Proper Use of Employment Testing

Kelly Cantwell
Hire Success
Published in
4 min readOct 27, 2016

We believe that Hire Success tests are outstanding tools to help employers find the right employees every time — IF they’re used fairly and properly.

If you’re using any of our tests as a pre-employment or employee testing tool, we strongly recommend that you follow all three of these procedures:

1. Test ALL applicants

When hiring for a new position, it’s critical that you give the test(s) to every applicant who apply for and meets all other minimum requirements for the job.

Our tests should NEVER be used selectively as a means to:

  • Justify one candidate when another hasn’t had a chance to take the test(s), or
  • Adversely affect someone who has taken the test(s) in favor of another applicant who was not required to take the same test(s).

We’re not suggesting that all applicants have to be tested if they’re not otherwise qualified.
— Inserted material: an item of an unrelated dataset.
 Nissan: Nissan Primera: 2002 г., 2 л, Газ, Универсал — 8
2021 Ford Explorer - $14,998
For example, if an applicant for a chemical engineering position had no education, background or experience in chemistry, and having that background was a job requirement, they would already be disqualified by other means.

We ARE suggesting that all candidates — regardless of race, age, education, religion, etc. — who share similar qualifications for the job must be offered the same opportunity to take the pre-employment test(s).
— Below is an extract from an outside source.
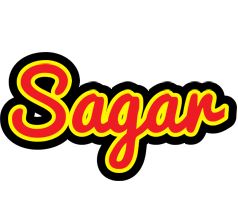 Sagar fireman logo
2. When creating baseline files, administer tests to employees in the same job

In order to “compare apples to apples” when hiring new employees, it’s critical that you test current employees in the same or similar jobs first in order to establish a baseline from which to compare test results of job applicants.
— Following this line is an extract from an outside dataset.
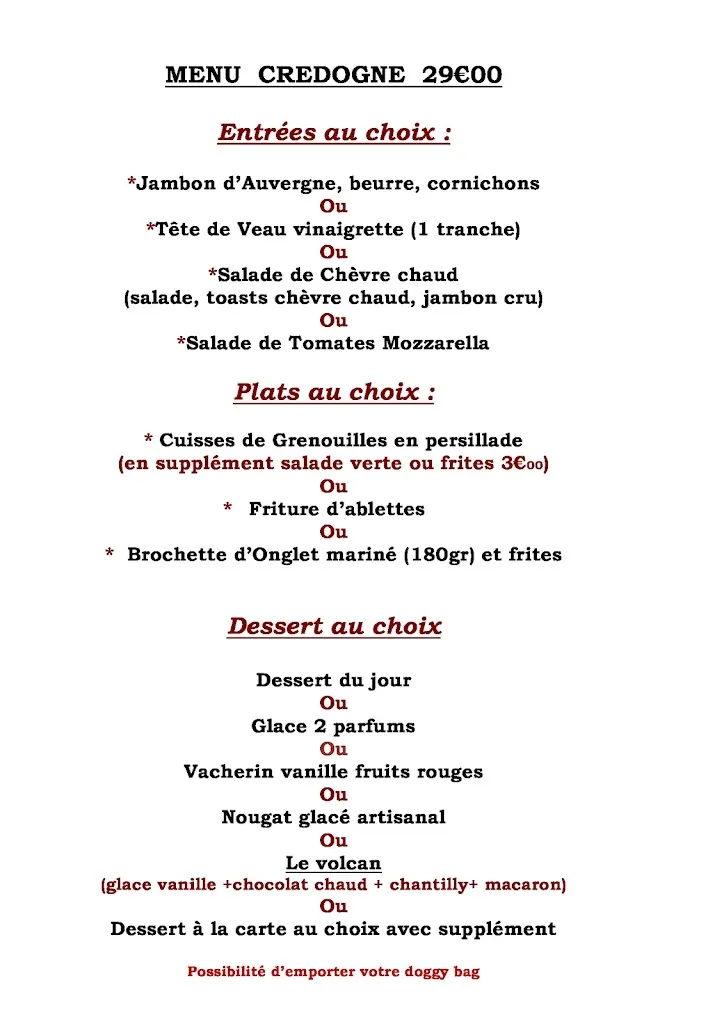 Menu_La Credogne_Paslières_image_3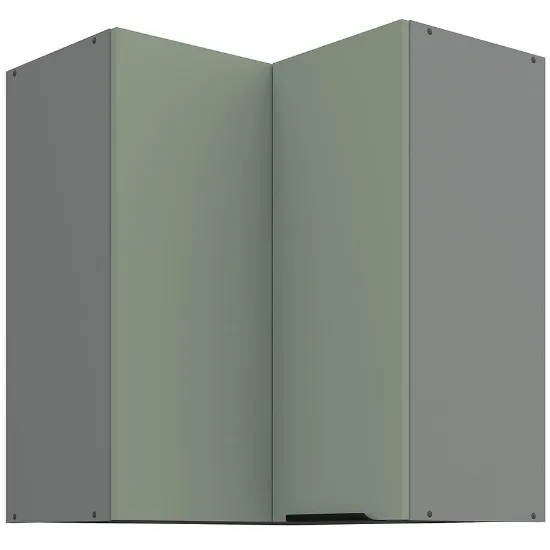 Obrazek Szafka Kuchenna Aria-Sa/Ant Anti Fingerprint 60x60 Gn-72 2f (90°)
What’s important is to identify the key job-related attributes with a particular test and apply those test results fairly, using that data as a consideration for employment.

In Griggs v. Duke Power — a landmark Supreme Court case regarding employee discrimination — the Court stated, “… Congress has placed on the employer the burden of showing that any given requirement must have a manifest relationship to the employment in question [401 U.S. 424, 433].”

At Hire Success, we believe this is why it’s so important that employers use each tool responsibly and test existing employees, whenever possible, to develop valid baseline criteria.

For example, if you were hiring for a sales position, you might easily be able to determine that the most successful salespeople in your company have strong traits in areas like “persuasiveness,” “extroversion,” “independence,” “aggressiveness,” etc. However, if it wasn’t important to the job to be literate in computer terminology, then administering a computer knowledge aptitude test in a pre-employment environment would be inappropriate.

(If the person was hired and later applied for a different job within your company where computer knowledge WAS important, then administering the test for transfer or promotion would be appropriate.)

Chief Justice Burger’s concluding statement from Griggs v. Duke Power was:

“Nothing in the Act precludes the use of testing or measuring procedures; obviously they are useful. What Congress has forbidden is giving these devices and mechanisms controlling force unless they are demonstrably a reasonable measure of job performance. Congress has not commanded that the less qualified be preferred over the better qualified simply because of minority origins. Far from disparaging job qualifications as such, Congress has made such qualifications the controlling factor, so that race, religion, nationality, and sex become irrelevant. What Congress has commanded is that any tests used must measure the person for the job and not the person in the abstract.”

We believe the Hire Success Personality and Aptitude Tests are valid and accurate tools for measuring the person for the job, and thus provide you with an efficient, simple, accurate and cost-effective tool for hiring.

3. The 80/20 Rule

You’ve probably heard of the “80/20 rule” and how it applies in different areas. For example, it’s often said that “80% of sales are made by 20% of the sales force,” “80% of the problems are caused by 20% of the people,” etc.

There’s a similar 80/20 rule that’s applied to employment testing to ensure that a test is not discriminatory. Using a reasonable sample size, minority groups must pass a test at least 80% as often as majority groups.

For example, if a math test were administered to accounting candidates and 60% of white male candidates passed the test, at least 48% of minority candidates would also have to pass the test in order for it to be considered non-discriminatory.

Therefore, you may want to keep data about test applicants which includes at least race and gender information, in order to show that tests do not have an adverse impact on minorities. Remember, if you do keep this information, that it should never be used in the selection, development or promotion of any individual.